Manchester City as we all know are pretty fed up with the rest of the Premier League, and so are not only fighting the 115 charges laid against them, but have also started a major court case against the rest of the league.  (And I say against the rest of the league rather than “against the League”, because the clubs in the league own the league, and in England it is not actually possible to sue oneself.)

And of course this is one example of a fight in football.  But it is not the only one, for as an example of an alternative we can look at the approach which clubs in Cyprus are using.

For clubs in Cyprus feel that they are being asked to pay too much tax – as is the case in so many countries including of course England.  The claim is that the clubs are providing something akin to a public service, so why should they pay tax?

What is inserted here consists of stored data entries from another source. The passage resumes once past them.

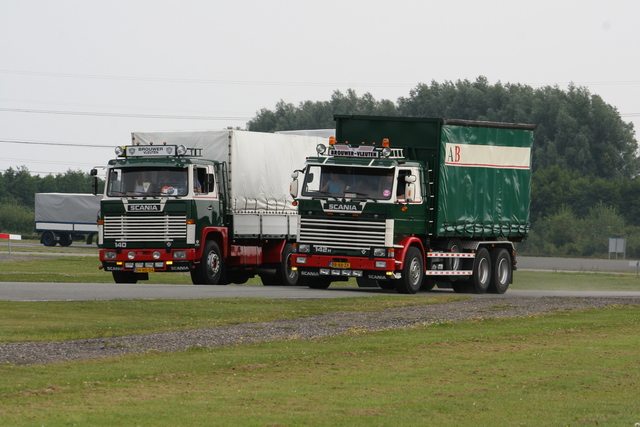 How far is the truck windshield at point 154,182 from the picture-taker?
2856 cm

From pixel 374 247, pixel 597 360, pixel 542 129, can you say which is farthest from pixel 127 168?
pixel 542 129

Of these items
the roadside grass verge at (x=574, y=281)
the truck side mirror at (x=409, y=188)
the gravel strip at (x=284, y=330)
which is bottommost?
the roadside grass verge at (x=574, y=281)

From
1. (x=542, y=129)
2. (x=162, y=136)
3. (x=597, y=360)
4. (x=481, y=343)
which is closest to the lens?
(x=597, y=360)

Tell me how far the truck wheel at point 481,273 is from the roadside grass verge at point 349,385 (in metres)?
13.1

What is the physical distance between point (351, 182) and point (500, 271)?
22.1 ft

So instead of letting themselves drift further and further into debt the clubs have simply stopped paying tax to the state.   Their argument seems to be that the clubs are providing a great benefit to the state (in that people go to the games, watch the games and endlessly discuss the games, rather perhaps than roam the streets) but in return instead of recognising their cultural contribution to the state, the state is demanding the clubs still pay the state taxes.

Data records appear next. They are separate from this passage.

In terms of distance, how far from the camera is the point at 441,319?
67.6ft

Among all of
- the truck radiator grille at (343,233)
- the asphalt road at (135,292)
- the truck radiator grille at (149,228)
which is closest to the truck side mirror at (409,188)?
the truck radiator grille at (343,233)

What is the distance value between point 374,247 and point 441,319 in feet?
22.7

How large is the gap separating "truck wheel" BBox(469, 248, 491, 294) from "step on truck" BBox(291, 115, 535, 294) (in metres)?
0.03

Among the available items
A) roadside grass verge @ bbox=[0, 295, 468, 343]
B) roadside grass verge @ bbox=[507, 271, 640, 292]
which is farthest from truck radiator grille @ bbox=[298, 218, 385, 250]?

So the clubs have simply stopped paying, and now nineteen football clubs are said to owe the state a total of €33 million in back taxes,.

This of course gives the state a problem, because supporters love their clubs.  They might hate their rivals but they love their own club, and the thought of their own club being taken to court by the state for unpaid tax is not one that sits well with voters.

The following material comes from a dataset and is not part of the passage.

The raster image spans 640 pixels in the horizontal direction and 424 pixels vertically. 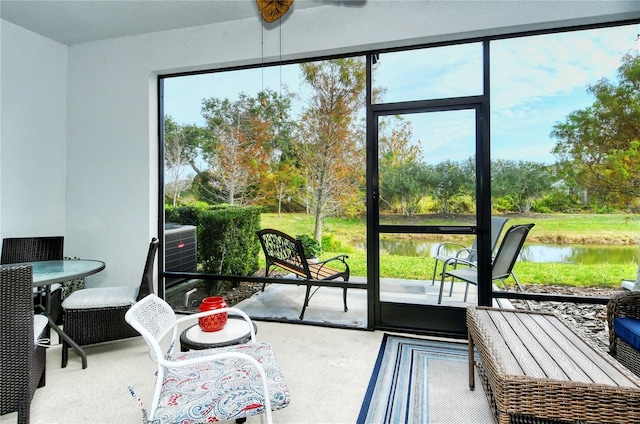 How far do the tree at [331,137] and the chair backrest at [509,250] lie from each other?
1.42 meters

But neverhtless the clubs were given a deadline, by which time they were ordered to pay up,  The clubs have refused, which then puts the problem back in the government’s offices.  They have to decide what to do next.

Now when this first happened the state partially backed down and in May 2023 came up with a new tax arrears repayment scheme which gave the clubs an amazing 14 years to repay their overdue taxes – as well as the new taxation due on recent seasons and indeed this season.

But in the deal there was one partiuclar clause that the clubs did not like.  They not only had to pay their overdue tax month by month, they also had to ensure that they stayed up to date in paying tax due this year and in all subsequent years.   So a club might have several years to pay off the €1 million it owes the state, but in the meantime it had to be paying the tax due on current earnings. 

This agreement was tried for a while but five clubs failed to make any instalments and 14 clubs were still building up new debts!!!   It makes the Premier League’s finances look almost sane.

Now to be clear the state is not demanding everything is paid back in one go – in fact they have given the clubs until June 2037 to clear the debts.  But the clubs are still not (if you will excuse the phrase) “playing ball.”

So how come the clubs are getting away with taking on the state in this manner?

The point is that football in Cyprus is very popular, so no government wants to be seen in closing down a club, arresting the board, or restricting transfer arrangements.   But there is little else that the state can do to recover its money.

So it is stuck – and the professional clubs in Cyprus have got themselves half way to being able to ride through the world of taxation without paying a penny.   Except for one thing.   Uefa rules forbid government interference in football and by doing nothing about the tax due to the state,  the Cypriot state is in effect allowing clubs to break the law with impunity.

But this does show the power that football clubs can have if they decide to work together.  Few governments would be prepared to take on their nation’s favourite, and most passionately followed, sport.

And indeed somewhere within the City Group of clubs there might just be someone who is alert enough to think, “if we carry on as now, we might annoy quite a few clubs, who could get rather fed up with us… just as they have in the Premier League.”